Modules should be comprised of printed material, such as brochures and handbooks, and multi-media CD-ROMs and DVDs. Training modules will address: forest residue management for enhanced bio-fuel production, how to harvest and process forest residue for bio-fuel and other products, how to utilize biomass for bio-energy, bio-fuels and bio-based products; the socio-economic impacts and community development issues; and how to develop environmentally sustainable biomass production systems for bio-energy and bio-based products.
Environmental sustainability may be expanded to educate the public. Some people might not understand the environmental benefits of burning forest residue to produce fuel, Foster said, but the economic benefits are two-fold. First, forest residue, such as limbs, bark, and treetops, are a renewable resource. Trees are efficient at turning sunlight, moisture and a few basic nutrients into biomass. Using forest residue as bio-fuel also will utilize a resource that is being left to rot in the field.
“The key word is renewable,” Foster said. “As compared to fossil fuels, which take hundreds of millennia to create and are not renewable.”
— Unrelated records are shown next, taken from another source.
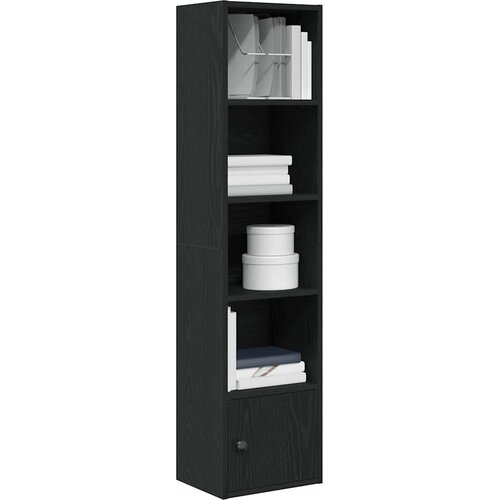  Regal za knjige crni hrasta 31x24x127 cm od konstruiranog drva Cene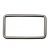 Рамка металлическая прямоугольная, 40 х 15 мм- тём.никель - купить в Салавате. Цена: 4.60 руб.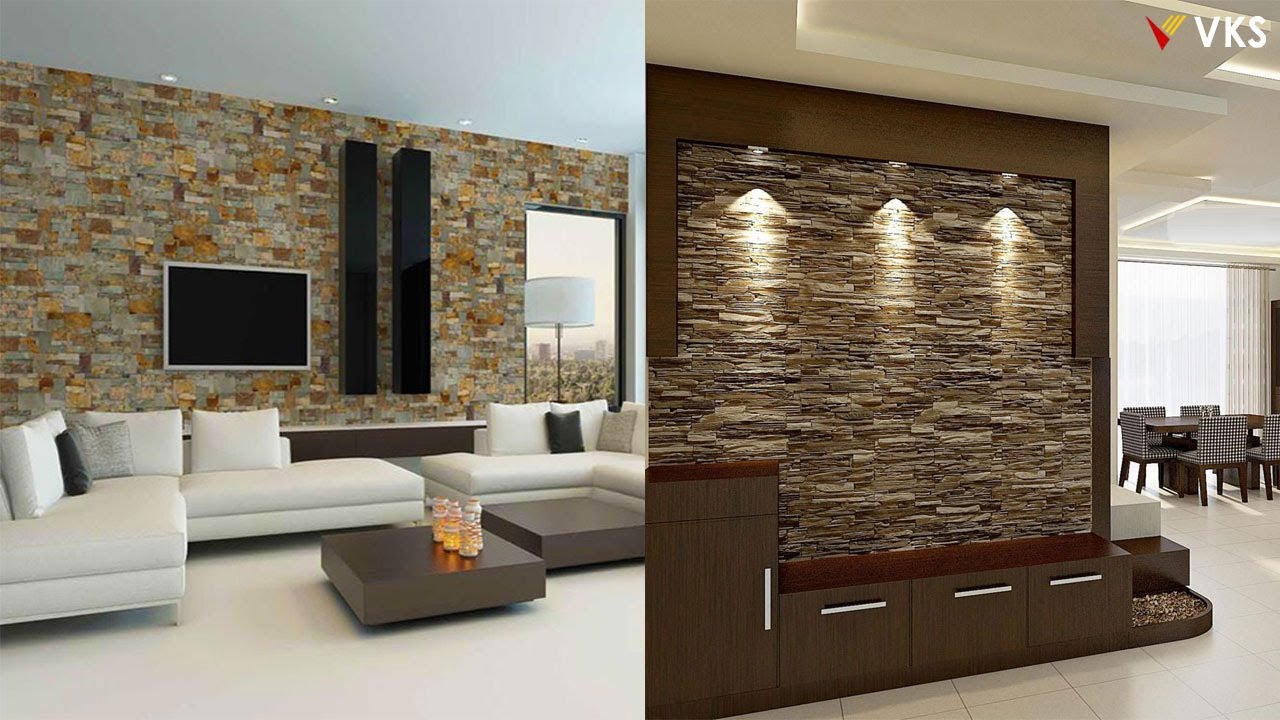 Modern Stone Wall Cladding Design Ideas | Living Room Stone Wall Decor  Ideas | Home Wall Decor - Youtube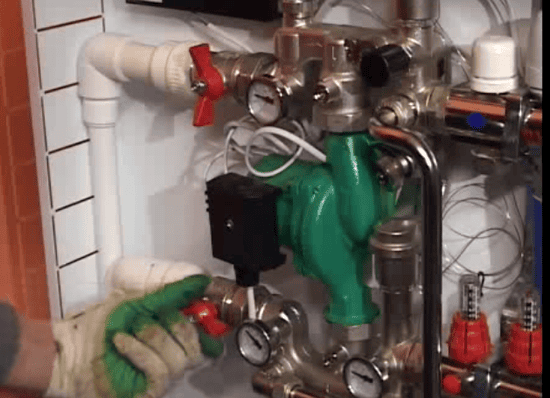 Открываем клапан теплого пола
Another important issue is carbon sequestration. Trees take in carbon dioxide and release oxygen, and sequester the carbon as part of the biomass. True, burning the residue emits carbon dioxide, Foster said, but as most of the harvested forest mass would be used for lumber, furniture and paper, there would still be a net sequestration of carbon.
Science and preliminary economic studies show that forest residue can be an economically viable energy source, Foster said. What’s required is for everyone involved in the forestry industry – foresters, plant operators, forest landowners, energy producers and educators – to rethink how they do things.
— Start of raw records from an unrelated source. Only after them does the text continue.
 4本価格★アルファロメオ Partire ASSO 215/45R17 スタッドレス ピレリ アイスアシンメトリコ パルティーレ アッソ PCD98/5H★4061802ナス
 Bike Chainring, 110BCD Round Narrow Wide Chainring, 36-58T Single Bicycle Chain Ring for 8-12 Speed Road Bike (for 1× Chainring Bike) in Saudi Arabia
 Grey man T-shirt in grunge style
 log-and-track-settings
Using forest biomass as a fuel source is not unheard of in the United States. Forest product manufacturing concerns already burn wood residue in steam boilers. The steam is used to drive electrical generators and supply part of the energy needed to run the plant. Other mills use “black liquor” – the lignin-rich residue of the pulp and paper industry – for heat, steam and electric power generation.
But currently, in both examples, the residue used is created at the plant during the manufacturing process, not recycled from the harvest site as many European countries do, Foster said.
“In one of our meetings, a forest product manufacturer indicated that about 12 percent of the volume delivered to their plant wound up as residue,” he said. “It’s mostly bark, but there’s some fines (sawdust) too. But it’s just a drop in the bucket as far as their energy needs go.”